Federal Reserve officials expressed concern about inflation and said they would be willing to raise interest rates if prices keep rising.
The minutes from the November session of the committee that sets interest rates for the Fed were released on Wednesday.
The meeting summary shows a lively discussion about inflation, with members stressing the willingness to act if conditions continue to heat up.
If inflation continued to run higher than levels consistent with the Committee's objectives, the Committee should be prepared to adjust the pace of asset purchases and raise the target range for the federal funds rate sooner than participants currently anticipated.
Inflation has been running at its highest pace in more than 30 years, and officials stressed a patient approach to incoming data.
They said they would not hesitate to take appropriate actions to address inflation pressures that posed risks to its long-run price stability and employment objectives.

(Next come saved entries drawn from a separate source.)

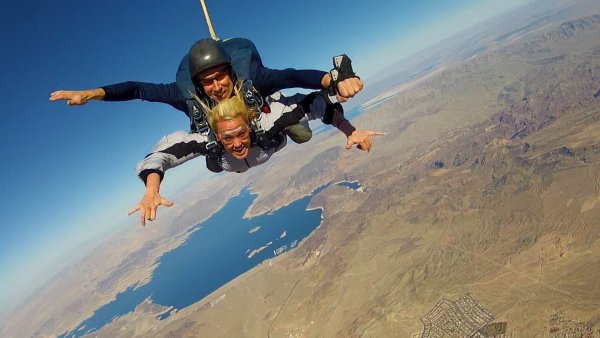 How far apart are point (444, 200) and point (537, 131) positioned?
69398 millimetres

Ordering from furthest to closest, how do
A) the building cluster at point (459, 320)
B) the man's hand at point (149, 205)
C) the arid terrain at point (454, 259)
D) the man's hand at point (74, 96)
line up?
the arid terrain at point (454, 259)
the building cluster at point (459, 320)
the man's hand at point (74, 96)
the man's hand at point (149, 205)

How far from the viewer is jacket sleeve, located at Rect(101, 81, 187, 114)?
4789 mm

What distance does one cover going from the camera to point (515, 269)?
77.3 metres

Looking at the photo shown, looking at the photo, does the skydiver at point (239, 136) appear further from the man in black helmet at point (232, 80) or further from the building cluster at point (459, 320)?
the building cluster at point (459, 320)

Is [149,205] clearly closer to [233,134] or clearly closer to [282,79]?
[233,134]

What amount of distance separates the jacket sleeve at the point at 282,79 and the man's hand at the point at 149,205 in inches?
71.8

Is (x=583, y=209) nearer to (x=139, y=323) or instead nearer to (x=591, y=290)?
(x=591, y=290)

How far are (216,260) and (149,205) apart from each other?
15296 centimetres

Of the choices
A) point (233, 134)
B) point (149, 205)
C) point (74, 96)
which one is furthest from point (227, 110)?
point (74, 96)

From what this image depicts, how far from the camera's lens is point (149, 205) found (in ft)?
10.7

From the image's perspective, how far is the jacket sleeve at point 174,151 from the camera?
390 centimetres

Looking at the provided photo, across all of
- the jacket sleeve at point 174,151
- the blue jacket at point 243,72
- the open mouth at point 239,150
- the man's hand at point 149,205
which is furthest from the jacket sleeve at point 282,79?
the man's hand at point 149,205

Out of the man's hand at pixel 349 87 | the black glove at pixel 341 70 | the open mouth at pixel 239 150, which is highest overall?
the black glove at pixel 341 70

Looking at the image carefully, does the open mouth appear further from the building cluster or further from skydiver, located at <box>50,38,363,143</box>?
the building cluster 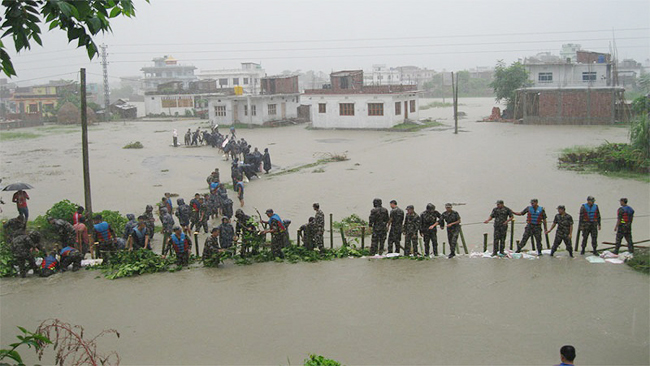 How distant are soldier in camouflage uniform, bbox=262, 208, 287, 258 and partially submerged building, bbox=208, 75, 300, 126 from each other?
33.3m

The Federal Open Market Committee indicated that it will begin to reduce the monthly bond-buying program that has seen it purchase at least $120 billion in Treasurys and mortgage-backed securities.
The goal of the program was to keep money flowing in those markets while maintaining broader interest rates at low levels.
The House Financial Services Committee is holding a hearing on Capitol Hill on September 30, 2021.
In its statement after the meeting, the committee said that it would allow a reduction in purchases of $10 billion in Treasurys and $5 billion in mortgage backed securities. The schedule is likely to continue until the program ends in the spring or summer of 2022, according to the statement.
The minutes show that some members of the Fed wanted to raise rates sooner.
The minutes said that some participants suggested that the Committee should reduce the pace of net asset purchases by more than 15 billion dollars a month so that they could make adjustments to the target range for the federal funds rate.
Since the November meeting, inflation has gotten even hotter. In previous cycles, the Fed has raised interest rates to cool the economy, but officials have said they are willing to allow inflation to run hotter than normal to let the employment picture improve.
Markets are anticipating a more aggressive Fed.
The Fed will raise its benchmark rate three times in the next five years, according to traders in contracts that bet on the future of short-term rates. The markets can change quickly depending on the signals the Fed sends.
The continued high inflation readings could influence public perception and expectations were becoming less well anchored to the Fed's 2% longer-run target according to the members of the committee.